I have benefitted greatly from Christ's death, the penal substitution. But oh the benefits to me from His LIFE, this imputed righteousness. Christ's righteousness is in my account now. And that is every bit as precious as the erasure of my sin. Think of an inmate deserving the long sentence he received. Then, by the mercy of the judge and sacrifice of another, the inmate's sentence is paid in full. He gets to walk out of jail a free man. Yet, he's broke. Sure, he's grateful that he no longer has a debt to society, but he faces a long, daunting road. He can't even buy lunch. He can't pay a taxi to take him home (if he even has one). If he doesn't have someone outside who's watching out for him, he can't even pay for a hotel room for the night. He's set up for failure. He's set up to return to a life of crime. His only hope is to pull himself up from the bootstraps. But pitfalls surround him, and he has virtually no safety structure to keep him from utterly failing. And so is the very great difference between a view of the gospel that ends with penal substitution and one that also strongly embraces imputed righteousness.
Paul teaches this view of the gospel in Ephesians.
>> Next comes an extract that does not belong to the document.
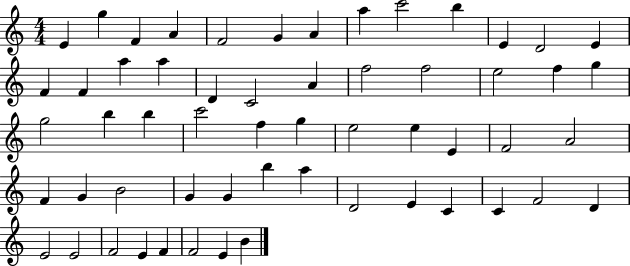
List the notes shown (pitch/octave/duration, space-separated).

E4/q G5/q F4/q A4/q F4/h G4/q A4/q A5/q C6/h B5/q E4/q D4/h E4/q F4/q F4/q A5/q A5/q D4/q C4/h A4/q F5/h F5/h E5/h F5/q G5/q G5/h B5/q B5/q C6/h F5/q G5/q E5/h E5/q E4/q F4/h A4/h F4/q G4/q B4/h G4/q G4/q B5/q A5/q D4/h E4/q C4/q C4/q F4/h D4/q E4/h E4/h F4/h E4/q F4/q F4/h E4/q B4/q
He starts off with a bang – in Christ, you are blessed with EVERY SPIRITUAL BLESSING. And he goes through them all, praying at the end of Ephesians 1 that we'd really come to understand this inheritance in our accounts and power at work on our behalf. Then he gets into the fact that we were dead in our sins, by nature deserving of God's wrath, alienated from God. I think Paul understands, under the Spirit's inspiration, that we NEED to know our bank account is full and that we have resources. Just being spared death does not prepare you for life.
God didn't bring me just to dead even. But now, in Christ, I have an abundant surplus in my account because God sees me wearing Christ's robe of righteousness. I AM RIGHTEOUS! And not by works of my own. God has lavished this righteousness to my account fully by His mercy and grace, and I can REST in it.
This doesn't mean I don't wrestle over how to show grace to my children or to stamp down my own selfishness. There remains a long list of actions and attitudes in my life I long to change. But in the midst, I can rest. I don't have to change myself. Christ's finished work is complete on my behalf. And I have His life of love and good works credited to me.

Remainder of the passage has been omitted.